Shared sequencers represent one of the most significant infrastructure developments for Ethereum’s L2 ecosystem in 2026. They promise to solve liquidity fragmentation and enable atomic cross-chain composability—but do they introduce new centralization vectors?
What Shared Sequencers Solve
Current problem: Each L2 has its own sequencer, creating fragmented liquidity and poor UX. Moving assets between rollups requires:
- Bridge from L2A → Ethereum L1 (7-day withdrawal)
- Bridge from L1 → L2B (20-30 min deposit)

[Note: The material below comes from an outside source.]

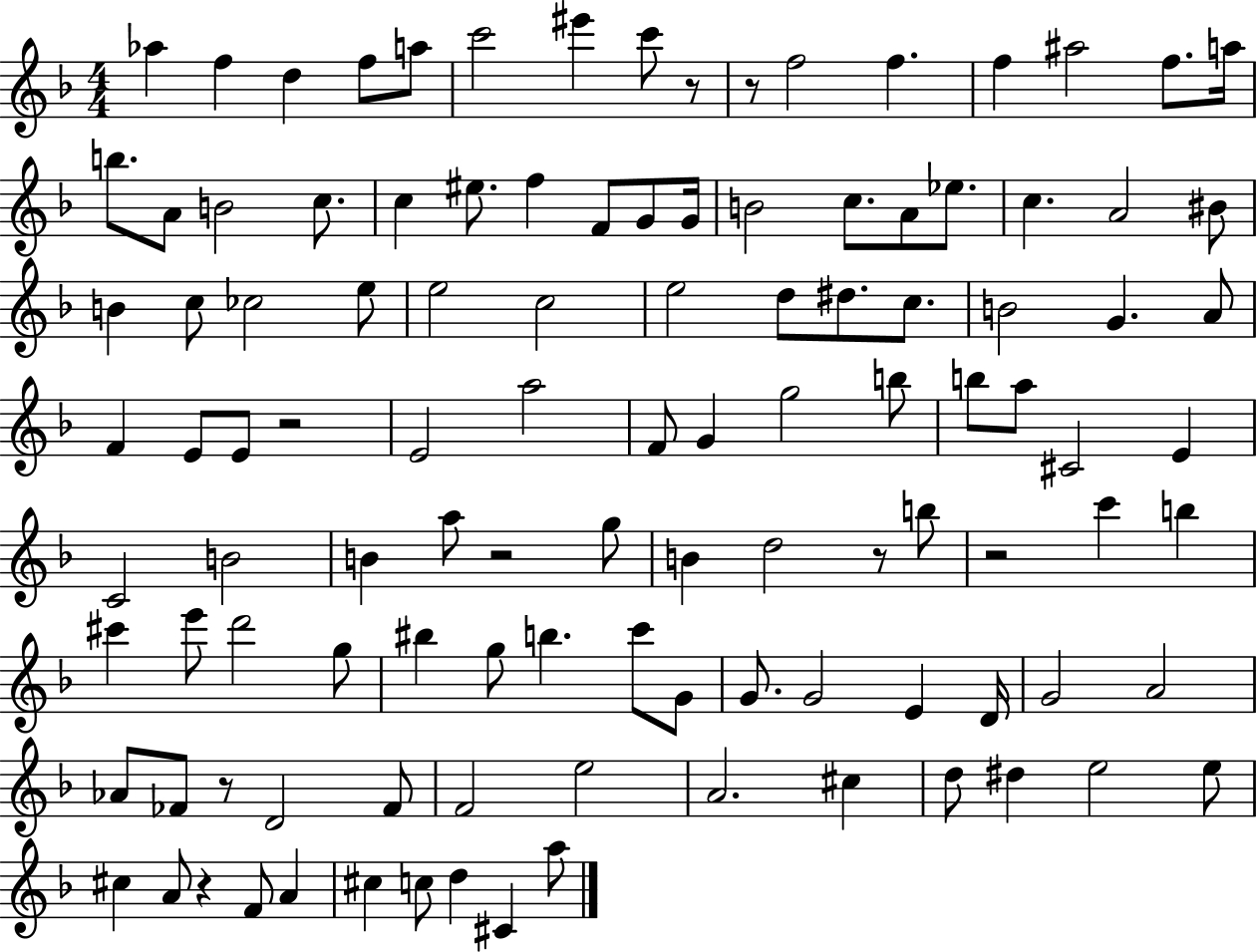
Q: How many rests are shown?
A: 8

- Expensive fees and terrible user experience
Shared sequencer solution: A single sequencer network orders transactions for multiple L2s simultaneously. This enables:
- Atomic composability: A transaction can interact with contracts on multiple L2s in one block
- Fair ordering across chains: Prevents cross-domain MEV where one chain sees another’s transactions first
- Unified liquidity: Users access liquidity pools across all L2s simultaneously
The Centralization Concern
Here’s my worry: if a handful of sequencer operators control ordering for dozens of L2s, they become critical chokepoints.
Risks include:
- Censorship: Governments or adversaries pressure sequencer operators to block certain transactions
- MEV extraction at scale: Sequencers can extract cross-domain MEV across all L2s they serve
- Single point of failure: Compromise one shared sequencer = multiple L2s affected
Currently, most L2s run single centralized sequencers (Arbitrum, Optimism, zkSync, Base). This is already bad. But shared sequencing could entrench centralization at a larger scale if not done carefully.

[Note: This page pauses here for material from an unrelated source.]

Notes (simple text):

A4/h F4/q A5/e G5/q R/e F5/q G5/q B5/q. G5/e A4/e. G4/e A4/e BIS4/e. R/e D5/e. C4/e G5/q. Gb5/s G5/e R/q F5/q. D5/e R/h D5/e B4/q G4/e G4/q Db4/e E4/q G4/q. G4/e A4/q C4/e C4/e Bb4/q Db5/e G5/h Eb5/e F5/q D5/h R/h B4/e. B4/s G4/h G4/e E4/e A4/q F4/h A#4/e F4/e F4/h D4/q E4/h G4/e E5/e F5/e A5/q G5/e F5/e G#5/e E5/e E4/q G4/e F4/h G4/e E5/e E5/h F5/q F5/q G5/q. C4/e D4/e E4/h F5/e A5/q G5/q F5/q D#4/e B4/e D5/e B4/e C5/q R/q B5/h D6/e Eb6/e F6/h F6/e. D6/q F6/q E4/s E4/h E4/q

Decentralized Sequencer Networks
Multiple projects (Espresso, Astria, Radius, Chainlink) are building decentralized sequencer networks with:
- Rotating leaders: No single operator controls ordering indefinitely
- Cryptographic sortition: Leaders selected randomly via verifiable randomness
- Economic incentives: Validators stake capital and get slashed for misbehavior
- Threshold encryption: Transactions hidden until sequencer commits to ordering
These solutions are promising but still in early testnet/mainnet stages. Production-ready decentralized sequencing is probably 2-3 years away.

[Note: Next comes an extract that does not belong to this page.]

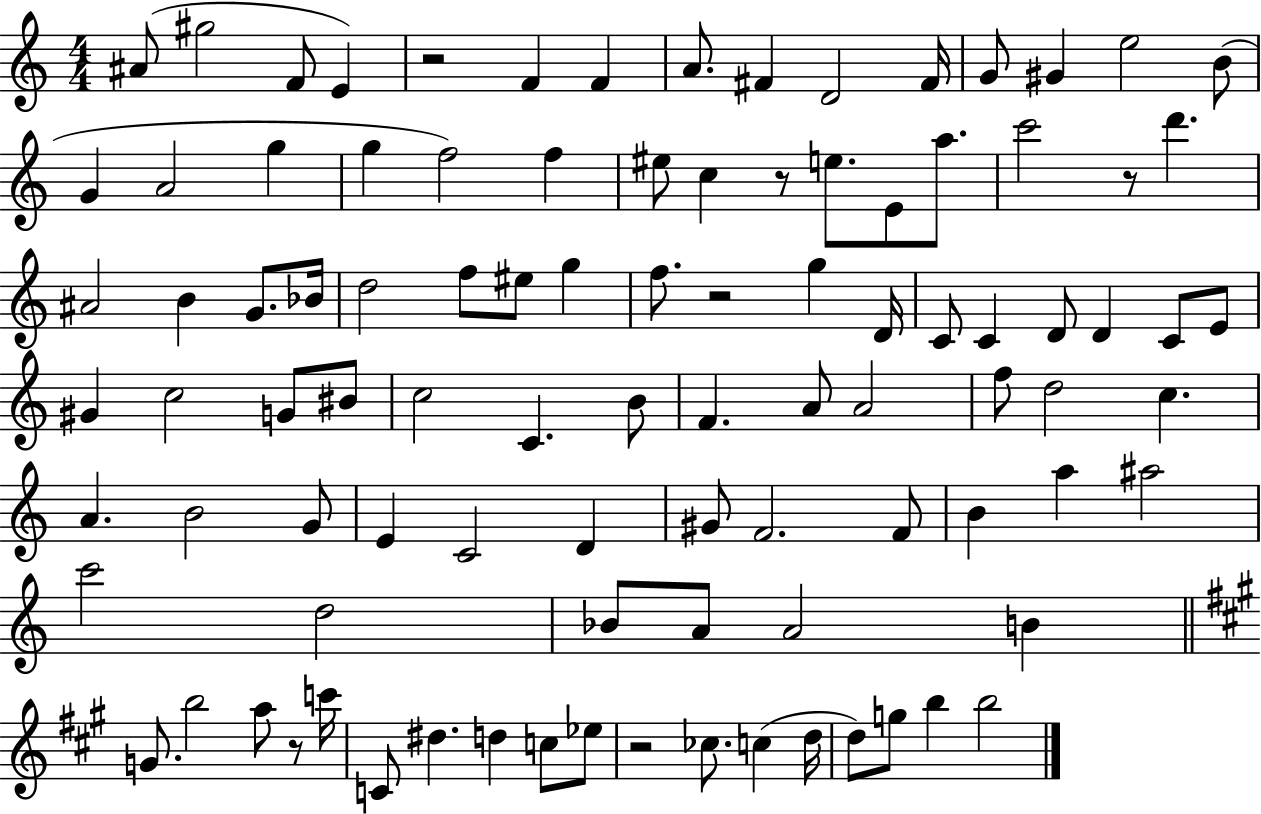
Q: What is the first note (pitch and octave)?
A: A#4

Cross-Domain MEV: Feature or Bug?
As more rollups join shared sequencer networks, cross-domain MEV opportunities grow. Searchers can:
- Arbitrage price differences across L2s atomically
- Sandwich attack users across multiple chains in one bundle
- Extract MEV from cross-chain DeFi interactions
Is this good or bad?
- Efficiency perspective: Arbitrage creates price parity across chains, benefiting users through better execution
- Extraction perspective: More MEV surface area means more value extracted from users
The answer depends on whether shared sequencers implement user-protective ordering (batch auctions, threshold encryption) or just enable more sophisticated extraction.
My Assessment
Shared sequencing is probably inevitable—the UX benefits of atomic composability are too compelling. But the industry must prioritize decentralization from day one:
Require:
- Decentralized operator sets (not single entities)
- Transparent ordering rules (cryptographic proofs)
- Economic penalties for misbehavior (slashing)
- User-protective mechanisms (threshold encryption, fair ordering)
Avoid:
- Prematurely centralizing around one shared sequencer provider
- Assuming competition alone ensures fairness (needs protocol guarantees)
- Ignoring cross-domain MEV risks in pursuit of composability
Multiple competing shared sequencer networks would be healthier than one dominant provider. L2s should have choice and ability to switch sequencers if one misbehaves.
What do others think? Should we accept some centralization risk for better UX, or demand fully decentralized sequencing even if it delays deployment?